I have a profit function in which revenue is given by the state of a variable y at each point in time t: R=y[t]-y[t]^2 and costs depend on the change in y from the previous state so that large changes are more costly C=(y[t]-y[t-1])^2.
[Edit for clarification: the model was originally given to me in discrete time as above. I changed it to continuous time by replacing the difference in the cost term with the derivative of y. After optimizing this, I got the optimal path of y as a continuous function] In this case, t goes from 0 to 2 and y is between 0.2 and 0.5. If I look at the values of the y points and the changes between them, the derivative is much larger than the actual change, depending on how small I set the time intervals (e.g. 0.1 or 0.01).
Because the derivative is much larger than the change, the costs explode and I get negative profits whereas if I calculate the change between the y the profits are always positive because changes are quite small.
Here is an example of what I am talking about, with p1 being calculated using the derivative and p2 using the change between y values:
t dy/dt y(t) p1 p2
0,00 0,60 0,20
0,01 0,59 0,21 -0,20 0,16
0,02 0,57 0,21 -0,18 0,17
0,03 0,56 0,22 -0,16 0,17
0,04 0,54 0,22 -0,14 0,17
0,05 0,53 0,23 -0,12 0,18
0,06 0,52 0,23 -0,10 0,18
0,07 0,50 0,24 -0,09 0,18
0,08 0,49 0,24 -0,07 0,18
0,09 0,48 0,25 -0,06 0,19
0,10 0,47 0,25 -0,04 0,19
Am I totally off base using the derivative for this purpose? How can I include the rate of change in the cost function in a continuous model? Is the fact that I am going back and calculating profits using the discrete function the problem or is the use of the derivative?
If it is of any help, I am using optimal control theory to try to maximize the profit function using the rate of change as the control variable.
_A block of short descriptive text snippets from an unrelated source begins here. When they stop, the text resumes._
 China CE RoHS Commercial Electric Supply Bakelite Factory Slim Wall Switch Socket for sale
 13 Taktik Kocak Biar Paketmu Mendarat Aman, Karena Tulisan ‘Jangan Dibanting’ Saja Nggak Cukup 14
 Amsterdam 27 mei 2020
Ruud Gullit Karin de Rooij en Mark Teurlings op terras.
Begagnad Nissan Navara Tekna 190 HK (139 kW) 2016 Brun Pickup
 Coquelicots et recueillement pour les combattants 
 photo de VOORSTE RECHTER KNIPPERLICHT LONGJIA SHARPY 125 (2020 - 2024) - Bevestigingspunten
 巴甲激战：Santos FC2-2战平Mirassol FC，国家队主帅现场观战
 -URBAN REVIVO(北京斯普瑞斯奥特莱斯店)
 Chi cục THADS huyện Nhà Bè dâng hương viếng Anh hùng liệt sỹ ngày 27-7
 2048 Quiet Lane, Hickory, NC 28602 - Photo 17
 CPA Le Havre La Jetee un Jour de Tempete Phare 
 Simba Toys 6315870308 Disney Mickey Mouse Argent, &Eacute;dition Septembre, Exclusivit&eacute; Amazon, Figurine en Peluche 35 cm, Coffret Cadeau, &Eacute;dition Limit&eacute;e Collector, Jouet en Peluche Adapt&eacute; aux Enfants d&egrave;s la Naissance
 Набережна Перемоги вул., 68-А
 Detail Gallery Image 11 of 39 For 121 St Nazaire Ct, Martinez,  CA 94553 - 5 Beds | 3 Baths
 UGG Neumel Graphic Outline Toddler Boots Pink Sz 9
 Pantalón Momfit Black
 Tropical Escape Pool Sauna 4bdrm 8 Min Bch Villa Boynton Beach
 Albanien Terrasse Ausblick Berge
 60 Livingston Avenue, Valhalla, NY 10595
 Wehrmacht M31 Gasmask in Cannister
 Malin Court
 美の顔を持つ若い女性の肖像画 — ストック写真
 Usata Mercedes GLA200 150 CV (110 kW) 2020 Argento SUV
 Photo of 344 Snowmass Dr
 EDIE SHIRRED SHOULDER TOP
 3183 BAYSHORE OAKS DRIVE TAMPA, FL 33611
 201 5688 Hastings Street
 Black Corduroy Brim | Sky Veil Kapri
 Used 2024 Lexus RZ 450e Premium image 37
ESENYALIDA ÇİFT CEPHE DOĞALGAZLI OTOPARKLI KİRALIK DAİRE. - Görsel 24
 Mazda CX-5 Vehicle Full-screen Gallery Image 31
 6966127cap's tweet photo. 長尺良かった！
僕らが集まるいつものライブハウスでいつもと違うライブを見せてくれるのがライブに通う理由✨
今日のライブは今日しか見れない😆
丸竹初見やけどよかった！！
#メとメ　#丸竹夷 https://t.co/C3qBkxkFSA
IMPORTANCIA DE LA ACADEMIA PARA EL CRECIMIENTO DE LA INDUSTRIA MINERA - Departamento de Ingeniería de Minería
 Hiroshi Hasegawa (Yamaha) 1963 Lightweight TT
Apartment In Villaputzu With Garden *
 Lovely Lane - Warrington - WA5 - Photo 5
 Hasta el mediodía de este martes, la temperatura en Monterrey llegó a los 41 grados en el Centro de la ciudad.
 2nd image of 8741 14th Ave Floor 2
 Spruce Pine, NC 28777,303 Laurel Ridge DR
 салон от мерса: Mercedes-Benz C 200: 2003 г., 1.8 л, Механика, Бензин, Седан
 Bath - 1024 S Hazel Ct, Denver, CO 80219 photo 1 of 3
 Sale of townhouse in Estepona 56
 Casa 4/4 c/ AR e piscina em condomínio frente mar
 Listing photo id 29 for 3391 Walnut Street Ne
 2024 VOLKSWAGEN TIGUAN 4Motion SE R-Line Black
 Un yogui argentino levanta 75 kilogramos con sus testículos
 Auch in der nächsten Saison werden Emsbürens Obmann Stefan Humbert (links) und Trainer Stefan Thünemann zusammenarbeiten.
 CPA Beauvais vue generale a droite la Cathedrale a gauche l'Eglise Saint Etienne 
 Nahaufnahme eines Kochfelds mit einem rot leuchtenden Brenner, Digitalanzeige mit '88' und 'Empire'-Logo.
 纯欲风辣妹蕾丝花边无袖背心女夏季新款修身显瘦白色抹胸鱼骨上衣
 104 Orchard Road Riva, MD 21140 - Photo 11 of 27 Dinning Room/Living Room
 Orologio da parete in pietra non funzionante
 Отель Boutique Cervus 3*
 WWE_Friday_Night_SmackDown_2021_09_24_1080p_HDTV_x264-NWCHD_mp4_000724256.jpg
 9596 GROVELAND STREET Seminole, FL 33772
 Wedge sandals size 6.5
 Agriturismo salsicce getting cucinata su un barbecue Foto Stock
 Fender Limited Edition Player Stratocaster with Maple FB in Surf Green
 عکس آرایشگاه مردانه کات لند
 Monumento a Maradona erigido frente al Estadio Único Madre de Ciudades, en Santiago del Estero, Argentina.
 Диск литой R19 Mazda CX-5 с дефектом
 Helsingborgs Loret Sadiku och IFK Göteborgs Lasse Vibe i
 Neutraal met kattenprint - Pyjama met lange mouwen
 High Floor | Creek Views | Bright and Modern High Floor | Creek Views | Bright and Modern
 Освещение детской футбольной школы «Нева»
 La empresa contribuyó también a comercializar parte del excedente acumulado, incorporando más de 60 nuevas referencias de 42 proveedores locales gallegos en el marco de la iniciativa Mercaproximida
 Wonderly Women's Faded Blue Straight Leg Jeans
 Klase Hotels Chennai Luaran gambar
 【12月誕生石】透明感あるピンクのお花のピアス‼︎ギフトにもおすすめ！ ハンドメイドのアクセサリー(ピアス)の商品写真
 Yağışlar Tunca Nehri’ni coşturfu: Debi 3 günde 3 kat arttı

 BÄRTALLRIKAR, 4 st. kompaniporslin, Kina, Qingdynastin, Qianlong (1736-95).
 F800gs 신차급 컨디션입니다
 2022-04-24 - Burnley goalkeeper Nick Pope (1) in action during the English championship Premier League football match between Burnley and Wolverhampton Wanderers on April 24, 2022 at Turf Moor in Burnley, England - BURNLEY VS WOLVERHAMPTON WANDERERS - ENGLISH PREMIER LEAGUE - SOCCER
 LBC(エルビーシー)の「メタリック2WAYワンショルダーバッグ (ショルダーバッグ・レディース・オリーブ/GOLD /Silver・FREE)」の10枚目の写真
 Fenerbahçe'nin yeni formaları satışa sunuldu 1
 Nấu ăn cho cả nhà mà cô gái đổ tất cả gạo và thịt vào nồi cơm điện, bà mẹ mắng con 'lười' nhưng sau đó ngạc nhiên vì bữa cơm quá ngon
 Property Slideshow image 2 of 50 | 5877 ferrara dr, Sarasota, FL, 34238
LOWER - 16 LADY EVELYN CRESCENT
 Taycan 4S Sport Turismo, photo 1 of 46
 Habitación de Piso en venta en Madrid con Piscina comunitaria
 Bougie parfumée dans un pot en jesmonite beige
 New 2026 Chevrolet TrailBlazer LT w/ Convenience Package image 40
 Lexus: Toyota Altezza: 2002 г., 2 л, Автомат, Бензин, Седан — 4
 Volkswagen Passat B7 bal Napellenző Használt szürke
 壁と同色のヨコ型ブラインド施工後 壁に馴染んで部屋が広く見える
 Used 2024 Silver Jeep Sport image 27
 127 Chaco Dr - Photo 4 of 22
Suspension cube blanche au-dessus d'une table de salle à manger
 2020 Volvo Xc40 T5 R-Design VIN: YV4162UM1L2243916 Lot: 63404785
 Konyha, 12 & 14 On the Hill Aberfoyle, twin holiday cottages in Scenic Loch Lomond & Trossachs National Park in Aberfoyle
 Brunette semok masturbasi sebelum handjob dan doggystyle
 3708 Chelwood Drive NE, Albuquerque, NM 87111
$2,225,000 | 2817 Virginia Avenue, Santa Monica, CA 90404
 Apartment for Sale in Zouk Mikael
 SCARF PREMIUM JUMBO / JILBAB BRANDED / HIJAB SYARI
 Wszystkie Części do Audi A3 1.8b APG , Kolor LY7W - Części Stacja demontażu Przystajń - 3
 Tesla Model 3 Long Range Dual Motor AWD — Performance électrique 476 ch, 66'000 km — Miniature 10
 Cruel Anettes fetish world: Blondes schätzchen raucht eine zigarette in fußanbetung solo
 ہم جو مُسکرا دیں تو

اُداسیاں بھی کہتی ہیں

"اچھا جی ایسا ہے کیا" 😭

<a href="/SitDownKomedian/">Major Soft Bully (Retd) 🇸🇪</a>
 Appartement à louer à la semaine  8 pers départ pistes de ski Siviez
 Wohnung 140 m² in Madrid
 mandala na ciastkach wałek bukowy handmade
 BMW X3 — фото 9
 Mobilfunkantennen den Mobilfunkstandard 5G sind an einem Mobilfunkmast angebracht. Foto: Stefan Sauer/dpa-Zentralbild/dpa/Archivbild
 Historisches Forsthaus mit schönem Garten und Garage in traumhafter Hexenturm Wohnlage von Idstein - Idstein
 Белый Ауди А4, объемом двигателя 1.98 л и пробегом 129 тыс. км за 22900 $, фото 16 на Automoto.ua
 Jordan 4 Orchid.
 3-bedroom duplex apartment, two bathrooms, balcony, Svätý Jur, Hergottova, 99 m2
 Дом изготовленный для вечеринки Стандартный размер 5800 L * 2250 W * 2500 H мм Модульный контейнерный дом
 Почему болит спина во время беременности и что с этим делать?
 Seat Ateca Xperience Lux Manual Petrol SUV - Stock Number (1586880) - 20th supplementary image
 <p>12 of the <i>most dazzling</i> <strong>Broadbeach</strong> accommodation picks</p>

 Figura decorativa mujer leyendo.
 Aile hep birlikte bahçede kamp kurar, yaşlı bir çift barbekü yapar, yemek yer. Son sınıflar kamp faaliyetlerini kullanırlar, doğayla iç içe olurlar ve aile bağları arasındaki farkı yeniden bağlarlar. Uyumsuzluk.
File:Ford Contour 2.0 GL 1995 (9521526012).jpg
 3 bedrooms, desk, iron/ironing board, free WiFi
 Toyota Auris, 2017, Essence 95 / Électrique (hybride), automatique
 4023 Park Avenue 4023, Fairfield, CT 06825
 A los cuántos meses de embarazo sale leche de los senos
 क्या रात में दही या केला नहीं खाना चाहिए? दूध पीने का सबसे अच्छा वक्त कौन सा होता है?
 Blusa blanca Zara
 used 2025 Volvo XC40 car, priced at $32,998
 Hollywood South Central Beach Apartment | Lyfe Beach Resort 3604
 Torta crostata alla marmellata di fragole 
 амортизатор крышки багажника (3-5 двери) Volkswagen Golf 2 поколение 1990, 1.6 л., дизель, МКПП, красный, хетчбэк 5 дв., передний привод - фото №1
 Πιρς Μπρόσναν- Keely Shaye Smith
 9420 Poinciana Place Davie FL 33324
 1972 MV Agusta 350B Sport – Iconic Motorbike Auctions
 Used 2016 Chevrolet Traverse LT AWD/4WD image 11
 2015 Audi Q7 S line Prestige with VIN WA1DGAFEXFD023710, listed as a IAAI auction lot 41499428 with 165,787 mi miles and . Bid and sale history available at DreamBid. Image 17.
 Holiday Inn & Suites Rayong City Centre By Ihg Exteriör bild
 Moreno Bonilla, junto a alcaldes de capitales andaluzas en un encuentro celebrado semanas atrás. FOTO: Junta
The functions that I am using are the results of that procedure.
Thanks!

The way your problem is set up, the time dimension is discrete, and $y(t)$ apparently is continuous at each $t$, NOT from $t-1$ to $t$.
$$\pi_t = R_t - C_t = y_t-y_t^2 - (y_t-y_{t-1})^2 $$
For a continuous-time formulation it should be written
$$\pi(t) = R(t) - C(t) = y(t)-y(t)^2 - \dot y(t)^2 $$
Now if your problem is set up in continuous time, and you want to make specific numerical calculations, of course you will work with discrete intervals, where the value of the derivative should be approximated. In that case, remember that $\frac {dy}{dt}$ is "the change in $y$ IF $t$ changes by 1" (so the denominator $dt=1$) - not by "one (arbitrary) unit". In your case, $t$ does not change by $1$ but by $0,01$.